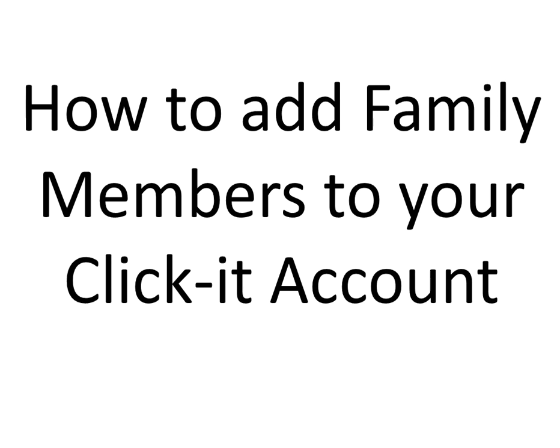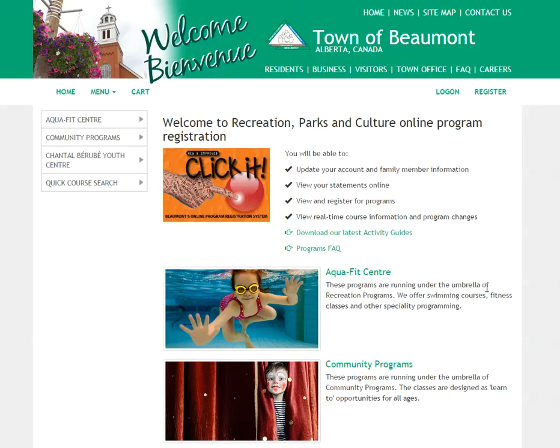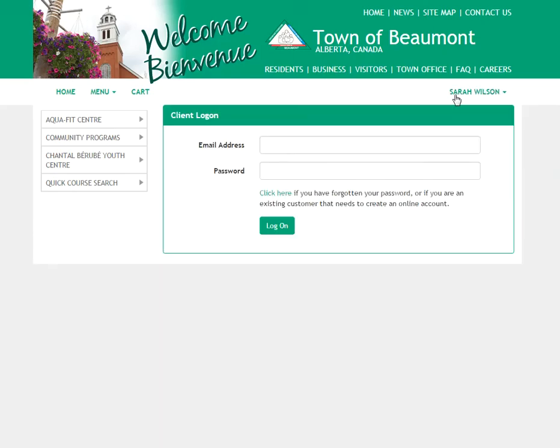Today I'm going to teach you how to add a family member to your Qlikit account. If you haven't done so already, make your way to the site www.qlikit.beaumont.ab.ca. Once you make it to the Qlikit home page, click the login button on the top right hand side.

...

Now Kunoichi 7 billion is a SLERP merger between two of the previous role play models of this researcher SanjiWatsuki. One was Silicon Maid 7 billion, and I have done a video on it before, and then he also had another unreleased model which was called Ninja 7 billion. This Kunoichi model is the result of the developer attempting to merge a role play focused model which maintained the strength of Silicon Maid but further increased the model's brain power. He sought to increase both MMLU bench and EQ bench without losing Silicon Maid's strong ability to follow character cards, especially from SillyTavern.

* * *

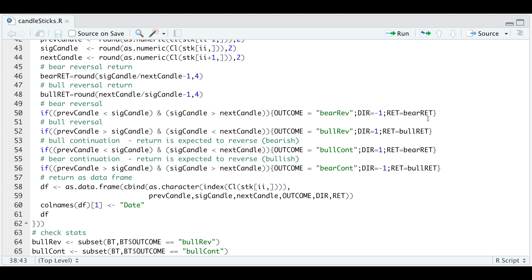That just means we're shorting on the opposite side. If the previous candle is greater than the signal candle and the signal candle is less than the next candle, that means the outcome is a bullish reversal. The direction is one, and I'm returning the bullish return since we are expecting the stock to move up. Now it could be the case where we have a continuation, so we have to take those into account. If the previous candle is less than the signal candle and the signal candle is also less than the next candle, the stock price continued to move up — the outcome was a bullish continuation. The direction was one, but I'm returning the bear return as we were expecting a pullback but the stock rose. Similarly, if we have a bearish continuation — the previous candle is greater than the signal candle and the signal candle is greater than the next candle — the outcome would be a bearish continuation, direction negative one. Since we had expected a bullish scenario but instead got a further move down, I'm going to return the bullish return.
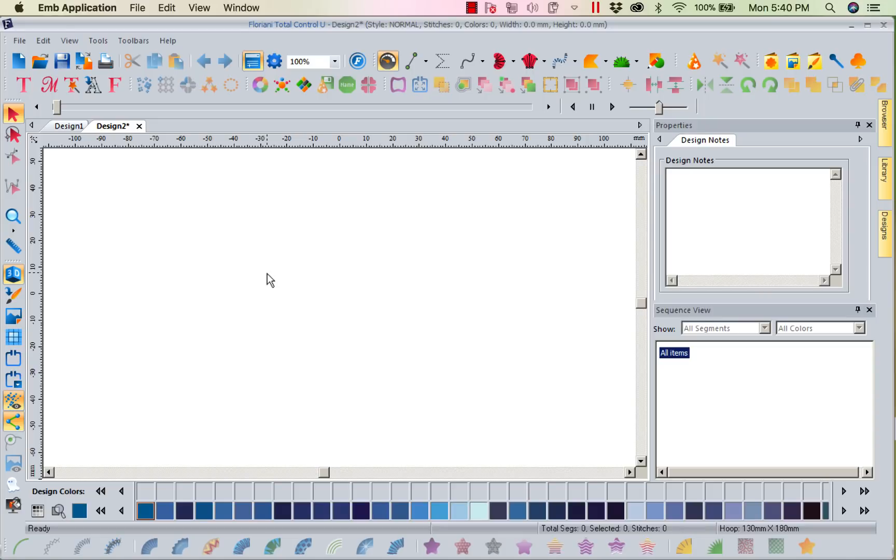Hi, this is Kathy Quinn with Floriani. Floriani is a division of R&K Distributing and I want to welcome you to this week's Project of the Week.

- What is expected -
Copy nothing but the lines above from the one with "That just means" to the one with "Hi, this is", inclusive, word for word. Leave every picture out.

- Task output -
That just means we're shorting on the opposite side. If the previous candle is greater than the signal candle and the signal candle is less than the next candle, that means the outcome is a bullish reversal. The direction is one, and I'm returning the bullish return since we are expecting the stock to move up. Now it could be the case where we have a continuation, so we have to take those into account. If the previous candle is less than the signal candle and the signal candle is also less than the next candle, the stock price continued to move up — the outcome was a bullish continuation. The direction was one, but I'm returning the bear return as we were expecting a pullback but the stock rose. Similarly, if we have a bearish continuation — the previous candle is greater than the signal candle and the signal candle is greater than the next candle — the outcome would be a bearish continuation, direction negative one. Since we had expected a bullish scenario but instead got a further move down, I'm going to return the bullish return.
Hi, this is Kathy Quinn with Floriani. Floriani is a division of R&K Distributing and I want to welcome you to this week's Project of the Week.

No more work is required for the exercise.